How we find hope is as important as hope itself. How we find hope is how we find our resilience – be it from a reality that breeds hope or hope born out of strife with reality. And when we find hope, we put our relief in little containers called words and mark them with aristocratic labels like Panacea, Nostrum, Elixir, Theriac, Catholicon – the ‘cure-all’ for all our woes and afflictions! Whatever makes us hopeful also simplifies our existence for us. Finding simplicity in the muck and mire is about as close as we are ever going to get with the sacred.
Pablo Neruda’s friend, Maru Mori once knitted a pair of socks herself and gifted them to him. He immortalized its value in ‘Ode to my socks’ ending it with “The moral of my ode is this: beauty is twice beauty and what is good is doubly good, when it is a matter of two socks made of wool in winter.” John Koenig in Dictionary of Obscure Sorrows – a compendium of invented words for emotions we all feel but have no names for- picked up on ‘Maru Mori’ and defined it as ‘the heartbreaking simplicity of ordinary things’ –
“Most living things don’t need to remind themselves that life is precious. They simply pass the time. An old cat can sit in the window of a bookstore, whiling away the hours as people wander through. Blinking calmly, breathing in and out, idly watching a van being unloaded across the street, without thinking too much about anything. And that’s alright. It’s not such a bad way to live.
So much of life is spent this way, in ordinary time. There’s no grand struggle, no sacraments, no epiphanies. Just simple domesticity, captured in little images, here and there. All the cheap little objects. The jittering rattle of an oscillating fan; a pair of toothbrushes waiting in a cup by the sink. There’s the ragged squeal of an old screen door, the dry electronic screech of a receipt being printed, the ambient roar of someone showering upstairs. And the feeling of pulling on a pair of wool socks on a winter morning and peeling them off at the end of the day. These are sensations that pass without a second thought. So much of it is barely worth noting.
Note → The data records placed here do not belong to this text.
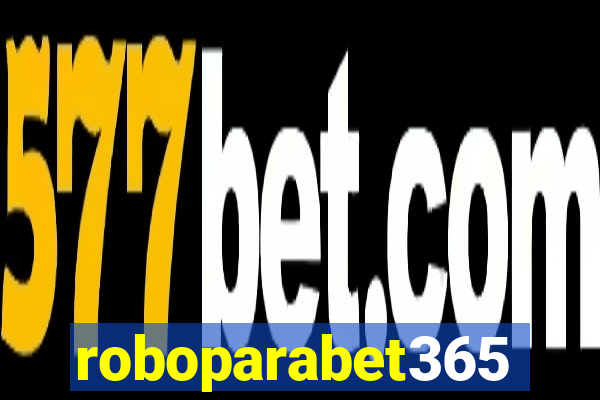 roboparabet365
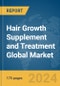 Hair Growth Supplement and Treatment Global Market Report 2024 - Product Thumbnail Image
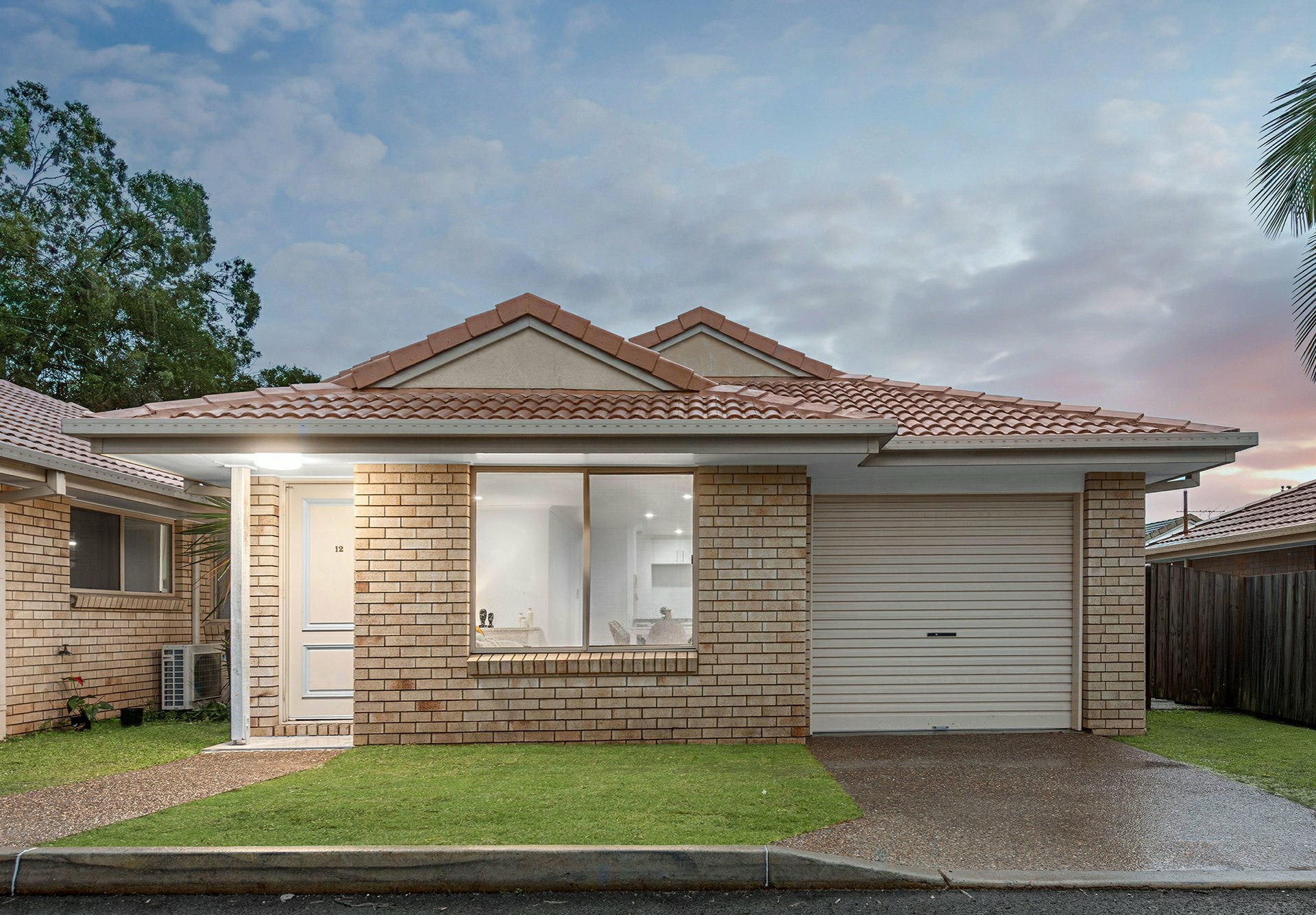 12/189 Wecker Road, MANSFIELD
But it all still happened. All those cheap and disposable experiences are no less real than anything in our history books, no less sacred than anything in our hymnals. Perhaps we should try keeping our eyes open while we pray, and look for the meaning hidden in the things right in front of us: in the sound of Tic Tacs rattling in a box, the throbbing ache of hiccups, and the punky smell that lingers on your hands after doing the dishes. Each is itself a kind of meditation, a reminder of what is real.
We need these silly little things to fill out our lives, even if they don’t mean all that much. If only to remind us that the stakes were never all that high in the first place. It’s not always life-and-death. Sometimes it’s just life —and that’s alright”.
Manufactured hopes, manufactured words, manufactured poetry…….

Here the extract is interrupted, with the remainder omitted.